No one pays much attention.
Instead, workers chat among themselves. While they
joke, even holler across the room, their fast
fingers effortlessly grab the brown leaves and
shape the cigars. Despite the daily production
quota of more than 100 cigars per worker, the
atmosphere is relaxed and friendly. Most of the
hand-rollers are young, have known each other
since childhood, and appear happy to be there. The
opening of the factory has made their life easier.
Inaugurated in January 2000 in
the small town of Pilotos, about three hours
southwest of Havana, the Juan Casanueva factory,
named for a local martyr of the revolution, is the
direct result of a local initiative and the latest
expression of the community's strong support for
the revolution.
The factory became a reality when
a group of tobacco growers from the town's
agricultural cooperative made an uncommon move.

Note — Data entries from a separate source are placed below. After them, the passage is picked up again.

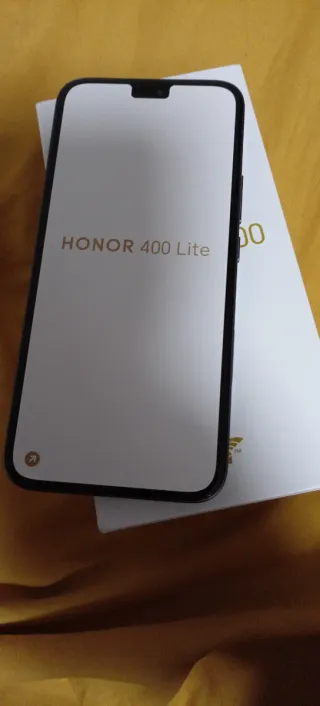Móvil Honor 400 Lite 5G
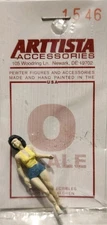 ARTTISTA ACCESSORIES O SCALE  FIGURE #1546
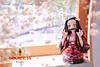 Nezuko Kamado Bust Statue - Demon Slayer: Kimetsu no Yaiba Resin Statue - Double SS Studios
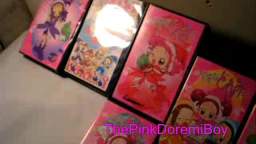 Magical Ojamajo DoReMi VHS tapes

They went to Fidel Castro and asked him to
transform the abandoned military base into a cigar
factory. They had two purposes: to create new job
opportunities to keep young people in town, and to
serve the revolution. Castro liked both.
Pilotos' new factory is one of 60
cigar operations that are playing an increasingly
significant role in the country's post-Soviet
economy. In the early 1990s, with the collapse of
the USSR and its support of Cuba's economy, the
island sunk into a deep recession. In the span of
three years the GDP shrunk by 40% and the state
could not feed its citizens. The crisis pushed
Castro's regime to ease market restrictions and
introduce dollars into the economy. The state too
needed hard currency, and so it turned to the
sectors that generated the highest income in
dollars: tourism and export tobacco.
While the price of raw tobacco is roughly
10 cents per pound, a box of Cuban cigars abroad
sells for as much as $200. The market is profitable,
and Castro knows it: new brands and new
sizes of cohiba cigars at different price keep
appearing and every season new workers are
incorporated in the industry.
For a factory at the cutting edge
of the economy, the Pilotos plant is also a throw
back to the best days of socialism. Everyone has a
role to play in the production and all laborers
are equally important. Piñaldo Franco, the
director of Pilotos factory explains, "The country
is a single entity, the factory is a single entity
and it has a single owner: Fidel Castro."
Like many of Pilotos 5000
residents, Orlando Acosta, the factory's
production supervisor take prides in his lifetime
of working in tobacco. He is a quiet but friendly
man with a soft voice and a brown moustache. At
the factory, people simply call him Rolando.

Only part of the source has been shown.